Add a safety net so a bad push doesn’t silently go live and stay live - combining prevention (stop bad deploys before they happen) with recovery (undo quickly if one gets through).
Enabled Bucket Versioning under S3 → Properties. Every sync now creates new object versions instead of overwriting silently, so any previous version of any file can be restored directly from the S3 console without touching Git.
$ git revert <bad-commit-hash>
$ git push origin main
Reverting triggers the pipeline again with the previous good state as the new commit - keeps Git history and the live site in sync, rather than only fixing S3 directly.
Added a step to the workflow that runs after AWS credentials are configured but before the sync, so a failure stops the job before anything touches S3.

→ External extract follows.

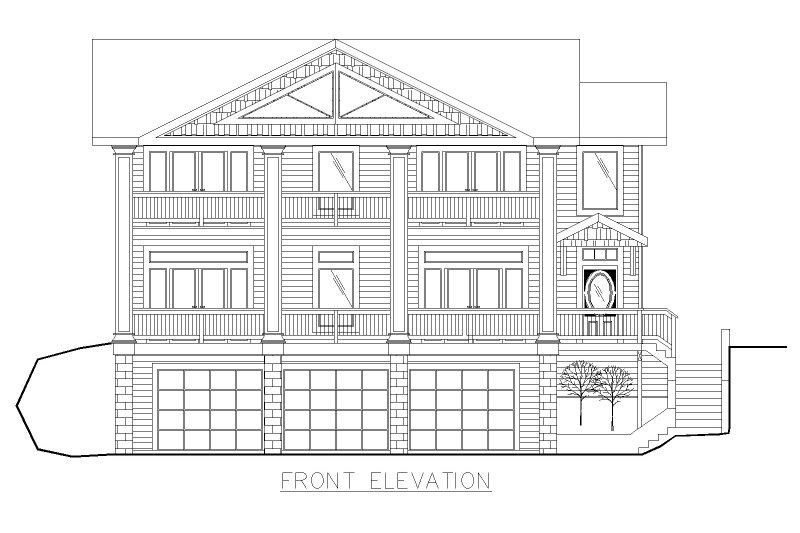 Home Plan - Exterior - Front Elevation 3 for Southern House Plan #117-215 - 3 bed, 4 bath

- name: Sanity check before deploy
run: |
if [ ! -s index.html ]; then
echo "index.html missing or empty - aborting deploy"
exit 1
fi
Pushed a change, then ran git revert HEAD and pushed again. Confirmed the pipeline triggered a fresh deploy and the site returned to its prior state.

Emptied index.html intentionally, committed, and pushed. Workflow failed at the Sanity check step exactly as designed and never reached the sync step - S3 was untouched. Reverted the test commit afterward to restore the real site.
Both the prevention check and the recovery paths (git revert, S3 versioning) were confirmed working, not just configured.